Le « cheval trisomique » relève à la fois du mythe et de la réalité. Mythe, car l’idée d’un cheval atteint du syndrome de Down ou reconnaissable à son apparence ne tient pas scientifiquement. Réalité, car des trisomies équines existent bel et bien, même si elles restent exceptionnelles et invisibles sans analyse spécialisée. Face à un cheval dont le développement vous interroge, le bon réflexe n’est ni la photo virale ni le test ADN maison, mais la consultation d’un vétérinaire. La génétique équine est un domaine précis, et c’est en s’appuyant sur elle que l’on distingue les croyances des faits.

FAQ: vos questions sur le cheval trisomique

Un cheval peut-il avoir la trisomie 21?

Non.

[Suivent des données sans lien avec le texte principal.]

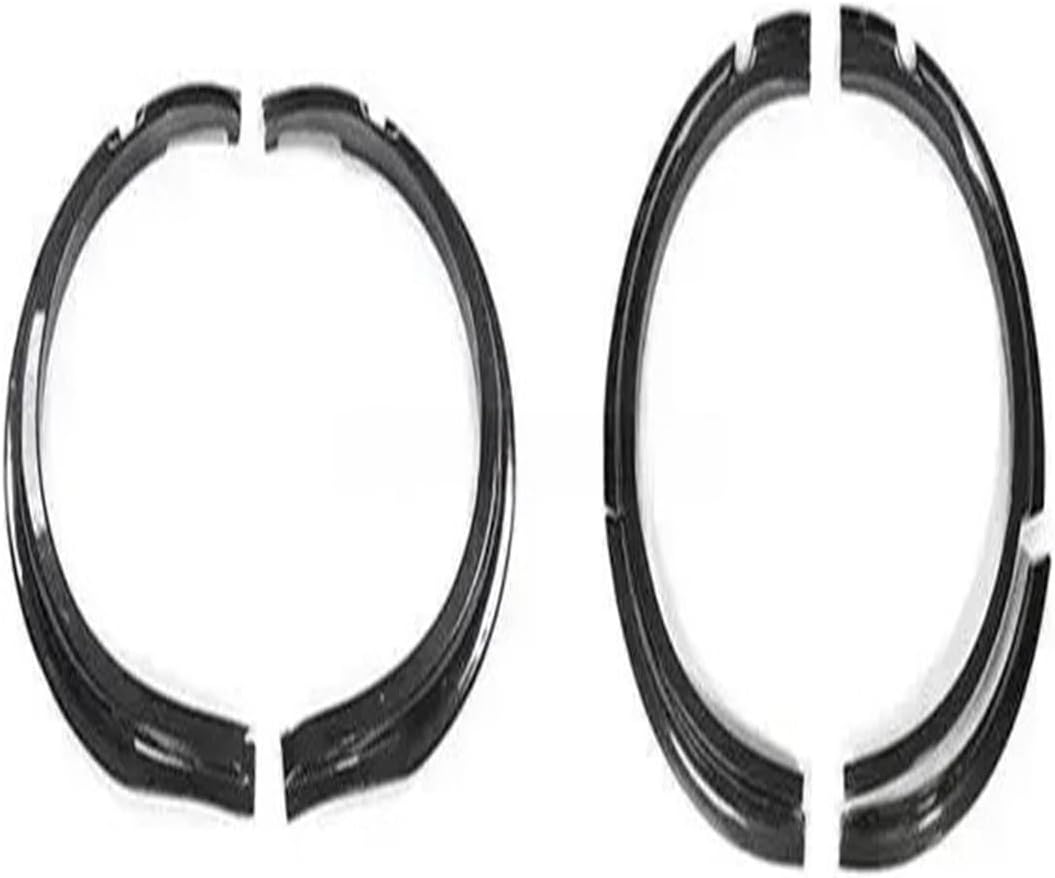 Arch Compatible for Tesla Model Y 2020-2022 ABS Carbon Fiber Color Wheel Eyebrow Arches Fender Flares Car Accessoires Bodykit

La trisomie 21 concerne un chromosome humain spécifique. Le cheval ayant 64 chromosomes et un caryotype totalement différent, cette anomalie n’existe pas chez lui.

Un cheval trisomique peut-il se reproduire?

Dans la plupart des cas, les anomalies chromosomiques équines s’accompagnent d’une fertilité fortement réduite, voire d’une stérilité. C’est souvent en explorant un problème de reproduction qu’on les découvre.

Comment reconnaître une anomalie génétique chez un poulain?

On ne peut pas la reconnaître à l’œil nu. Seul un examen vétérinaire, complété si besoin d’un caryotype, permet de poser un diagnostic fiable.

Combien de chromosomes possède un cheval?

Le cheval possède 64 chromosomes, soit 32 paires, contre 46 chromosomes chez l’humain.